Le groupe d'une soixantaine d'élèves arrivent en matinée. Première erreur, le professeur avait insisté pour avoir la présentation de Mario. Mario est un soldat qui s'adresse normalement à des enfants de 10 ans. Ces jeunes avaient 17-18 ans alors imaginez un peu leur tête. Puis, ils vont dans le musée. En 20 minutes, ils ont fait le tour et fume des cigarettes à l'extérieur. ?? Normalement, les groupes scolaires restent minimum une heure à l'intérieur et ça c'est justement lorsqu'ils ont 10 ans. À ce moment, on commence sérieusement à se poser des questions sur l'intérêt que ces jeunes portent au musée.

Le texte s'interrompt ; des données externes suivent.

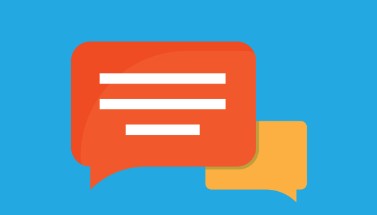 哪个社交软件好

Tout leur voyage était axé sur cette cérémonie de commémoration, et pardonnez l'expression, mais tout le monde au CJB s'était fendu le cul pour que tout se déroule bien.

Je me dis, AH, je vais les rattraper lors de la visite de plage. Je pars donc avec un groupe de 20 filles, moitié française, moitié québécoise. Malheureusement, au bout de cinq minutes, je me dois de constater que je n'ai l'attention que de 3 de ces filles alors que toutes les autres placotent, se regardent les ongles ou ne m'écoutent simplement pas.

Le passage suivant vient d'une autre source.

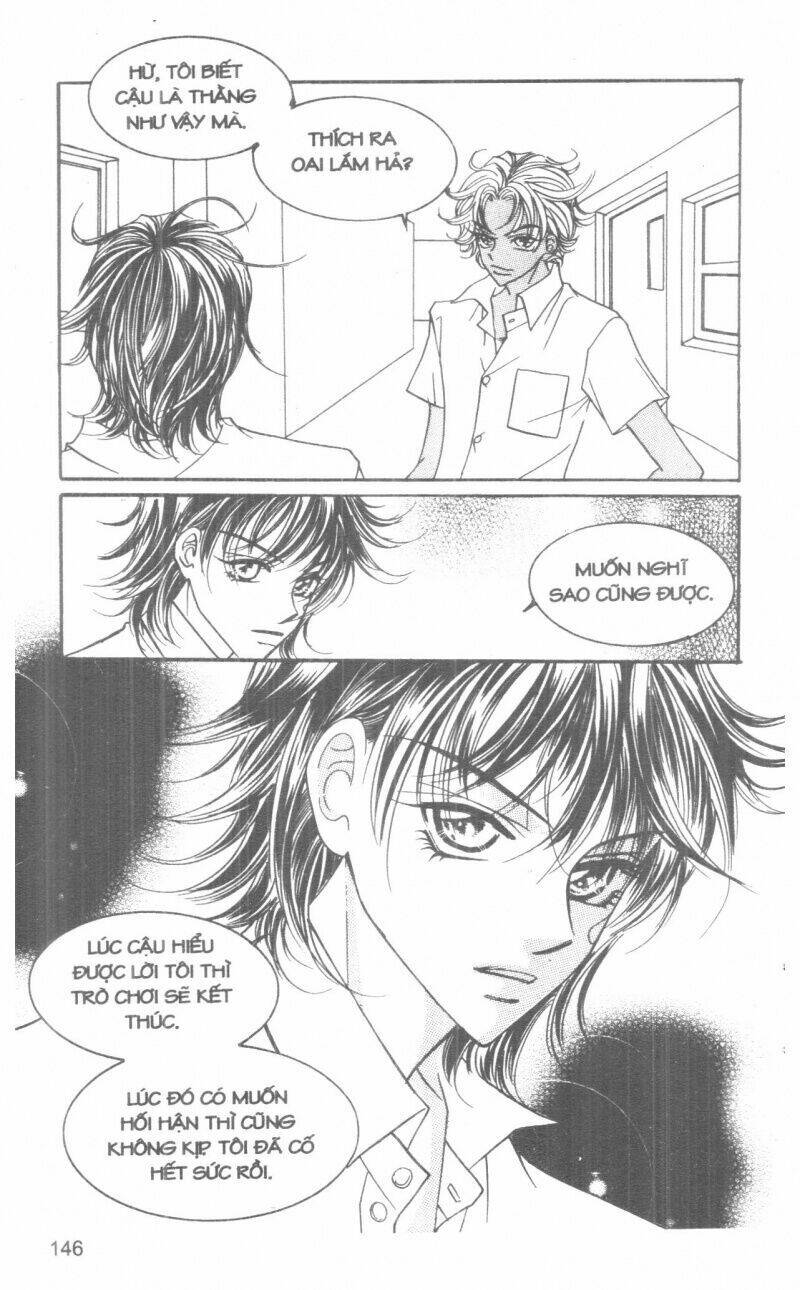 i accept you chapter 10 146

Mesdemoiselles, si ce que je dis ne vous intéresse pas, vous pouvez retourner au musée. Par contre, si vous restez ici, je vous demanderai de garder le silence.

Le simple fait d'avoir à dire ça à des jeunes pour qui nous nous sommes donné un trouble immense et qui, de surcroît, devrait être intéressés par la visite de par la cérémonie spéciale organisée pour et par eux me fait voir bleu. Alors que j'aurai pu arrêter après les avoir simplement rabrouées, je ne fais ni une ni deux et me lance dans ce qu'on appelle entre guide le Guilt Speach.

Si ce n'est pas pour moi ou pour vos autres camarades, gardez le silence par respect pour les vétérans qui ont fondé ce centre. C'est un mémorial ici, et en ce moment, non seulement vous insultez les vétérans, mais vous bafouez la mémoire de tous les soldats qui sont décédés à la guerre et en l'honneur de qui ce musée a été construit.

Silence.

Je n'avais jamais eux à faire cette sortie avec un groupe parce que normalement, les gens sont intéressés. Mais j'étais tellement insultée par l'attitude condescendante de ces filles que j'ai continué ma visite en serrant les machoires. Après cinq minutes, elles s'étaient remises à placoter en restant un peu à l'écart, mais comme j'avais l'attention de 4 ou 5 filles de plus, ça me contentait. Les plus irrespectueuses étaient en fait les québécoises alors que la plupart des françaises m'écoutaient. Lorsque nous sommes arrivées sur la plage, il me restait environ 5 minutes de visite à faire. C'est la partie la plus intéressante, celle où on décrit le débarquement. Mais bon, les caméras sont sorties des sacoches et mesdames ont préféré faire une session photo. J'ai coupé court, et je suis revenu à l'intérieur fulminante.

Alors que nous étions en train de partager nos horribles expériences avec ce groupe insupportable, nous avons entendu le professeur québécois invectiver ses étudiants pour leur attitude. Lorsque j'ai quitté la plage, il paraît que les françaises sont tombées sur les québécoises et leur ont passé un savon pour leur attitude détestable. Ce fut mon seul réconfort de la journée. La cérémonie s'est somme toute bien déroulée. Avec chance, Garth et Lise n'ont rien vu de tout cela, mais nous, on rumine encore.